For some entry-level roles in the healthcare field, a minimum requirement, like a high school diploma, is restrictive and discriminatory. More than 12% of Black adults and 30% of Latino candidates, for example, are immediately excluded once a job listing requires a high school degree.

The value of education is undeniable and can empower individuals. Companies can support their workforce, though — that’s why a high school diploma or GED is no longer required for certain roles at UCHealth. We now fund this foundational education once employees are hired.

We must explore all options when it comes to talent. Small changes create a wider, more diverse range of applicants. The status quo is unacceptable.

Educate and skill with intentional inclusivity

Healthcare companies have a long history of investing in employees' education. Yet, organizations struggle to develop and retain talent at the required pace.

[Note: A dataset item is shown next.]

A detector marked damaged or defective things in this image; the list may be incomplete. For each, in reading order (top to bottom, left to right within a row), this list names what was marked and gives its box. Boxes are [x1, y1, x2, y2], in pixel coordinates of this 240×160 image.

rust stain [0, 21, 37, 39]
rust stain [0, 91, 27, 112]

If we want a more enduring, flexible, and diverse workforce, the old ways of doing things won’t work.

Companies must be more strategic — adopting approaches that create career pathways and make mobility accessible for all.

UCHealth pledged up to $50 million over the next four years to these efforts. That investment includes foundational learning programs, including high school completion, English language learning, and college prep. It also funds a selection of clinical certifications and advanced degrees and pays tuition upfront rather than reimbursing learners later. The program, in partnership with Guild, ensures that all employees can take advantage.

In addition to eliminating barriers, our program doesn’t have any tenure eligibility requirement — workers are eligible on day one of employment.

Career pathways to support business and individual needs

Two of the biggest challenges healthcare companies face are small talent pools and high turnover rates. One of the most common reasons workers leave is a lack of opportunity — 63% of participants in a March 2022 Pew Research Center report cited “no opportunities for advancement” as their reason for quitting a job in 2021.

It’s crucial for organizations to integrate ample opportunities for growth and development.

This means identifying high-demand roles and equipping internal talent — through learning and education — with skills they need to succeed.

UCHealth funds select degree programs in social work and behavioral health, and other areas of study to support critical staffing needs. By advancing our workforce’s growth and development into these roles, we’ll help address vital needs.

Employees, in turn, are able to access sustainable jobs, supporting their families and communities.

A culture of change

The pandemic pushed the endurance of healthcare workers. However, they’ve remained steadfast while delivering patient care.

Now is the time for employers to double down to support their invaluable, diverse workforce.

We must also address the industry’s labor issue, threatening to render local communities even more vulnerable to the next public health emergency.

Investing in skilling and career growth of employees — especially from those in talent pools that have been historically overlooked — is one vital way to support both goals. We must remove barriers and make education more accessible and equitable, charting a tenable career path for workers.

By putting resources into our own workforce, we can sustain our mission of improving the lives of our staff, our patients, and our communities.

David Mafe is the chief diversity officer at UCHealth of Aurora, Colo., and Hanna Patterson is senior vice president, healthcare and applied learning at Guild, which partners with companies on education and career opportunity programs.